In June, the supreme court quashed Hall’s murder conviction. The chief justice, Helen Winkelman, told the court that the departure of the case from accepted standards must “either be the result of extreme incompetence or of a deliberate and wrongful strategy to secure conviction”.

The inquiry will investigate how the failure of disclosure happened; at what points the miscarriage could have been identified by crown lawyers; and identify the actions or omissions of the lawyers involved between 1985 and 2022 in obtaining, and upholding, Hall’s conviction.

“It is critically important that public confidence in the integrity and impartiality of the prosecution process is maintained,” the solicitor-general, Una Jagose QC, said.

Hall’s lawyer, Nick Chisnall, said the terms had been “generously drafted” and would provide a good platform to undertake the inquiry. “They focus not only on the trial but what has happened since, which is really positive and demonstrates a genuine desire to get to the bottom of things.”

But Chisnall, like other defence lawyers and investigators specialising in wrongful convictions, does not believe it will result in a fundamental change to what they say is a deeply flawed criminal justice system. “It is not a system-wide review … we’ve got to be careful about trying to place too much weight on what this can achieve.”

Calls are growing for a royal commission of inquiry, which would also investigate the role of police and the Ministry of Justice, into why the same themes keep appearing in wrongful conviction cases: misidentification, the non-disclosure of evidence, and improperly obtained statements.

“We’re seeing the same series of issues arising again and again,” said Tim McKinnel, an investigator who has worked on some of New Zealand’s most high-profile wrongful conviction cases, including Hall and Teina Pora, who was imprisoned for 21 years after being wrongfully convicted of murder, before his conviction was quashed by the privy council in 2015. “There is a real lack of interest in learning what errors have contributed to a wrongful conviction.”

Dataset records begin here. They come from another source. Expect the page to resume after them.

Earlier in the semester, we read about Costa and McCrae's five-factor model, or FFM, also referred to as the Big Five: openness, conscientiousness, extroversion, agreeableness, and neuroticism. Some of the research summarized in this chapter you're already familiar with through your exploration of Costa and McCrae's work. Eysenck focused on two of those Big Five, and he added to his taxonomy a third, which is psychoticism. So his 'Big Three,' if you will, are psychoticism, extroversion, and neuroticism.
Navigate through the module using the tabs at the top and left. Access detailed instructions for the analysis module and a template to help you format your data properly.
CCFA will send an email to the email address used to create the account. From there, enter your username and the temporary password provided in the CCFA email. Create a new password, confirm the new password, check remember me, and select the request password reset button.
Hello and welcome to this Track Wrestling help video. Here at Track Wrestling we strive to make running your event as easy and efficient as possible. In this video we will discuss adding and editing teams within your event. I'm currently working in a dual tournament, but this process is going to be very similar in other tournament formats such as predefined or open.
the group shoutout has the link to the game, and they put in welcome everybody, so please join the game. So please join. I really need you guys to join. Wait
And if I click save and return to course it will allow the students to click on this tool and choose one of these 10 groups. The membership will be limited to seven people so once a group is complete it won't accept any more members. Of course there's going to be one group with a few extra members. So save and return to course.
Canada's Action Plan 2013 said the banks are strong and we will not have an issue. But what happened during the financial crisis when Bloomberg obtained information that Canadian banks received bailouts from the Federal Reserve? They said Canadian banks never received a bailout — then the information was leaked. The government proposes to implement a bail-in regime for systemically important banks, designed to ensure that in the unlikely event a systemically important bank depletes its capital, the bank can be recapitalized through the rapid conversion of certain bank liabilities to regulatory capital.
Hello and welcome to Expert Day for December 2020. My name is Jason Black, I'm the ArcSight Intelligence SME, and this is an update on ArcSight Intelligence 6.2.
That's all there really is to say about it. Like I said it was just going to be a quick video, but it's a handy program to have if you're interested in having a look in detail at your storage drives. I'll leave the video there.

New Zealand was naive to the risks of miscarriages of justice and driven by a culture of exceptionalism when it comes to trust in its institutions, he said.

The police doggedly pursued confessions, which could lead to false confessions if the suspect had a vulnerability, such as a learning disability, McKinnel added. He said that to make matters worse, criminal defence lawyers were underfunded and under-resourced.

“There’s every reason to think that we have the same issues as other common law jurisdictions, and we have an Indigenous population that’s heavily over-incarcerated – that is reason to think that we may be worse than some other similar jurisdictions.”

One of New Zealand’s leading criminal defence lawyers, Christopher Stevenson, said the known cases represented just the tip of the iceberg. “Possibly 90% of the actual miscarriages, and the factually innocent people wrongly convicted, go unknown.”

But recent cases of wrongful convictions, including those Stevenson has represented, show the same systemic problems cropping up, he said.

“In Canada, when they have had significant miscarriages … they have had a commission of inquiry. They are really powerful processes and incredible lessons were learned from them, and the Canadian criminal justice system dramatically improved as result,” Stevenson said.

“There should be a commission of inquiry looking into the operation of the criminal system [in New Zealand] and why we are having so many cases go wrong.”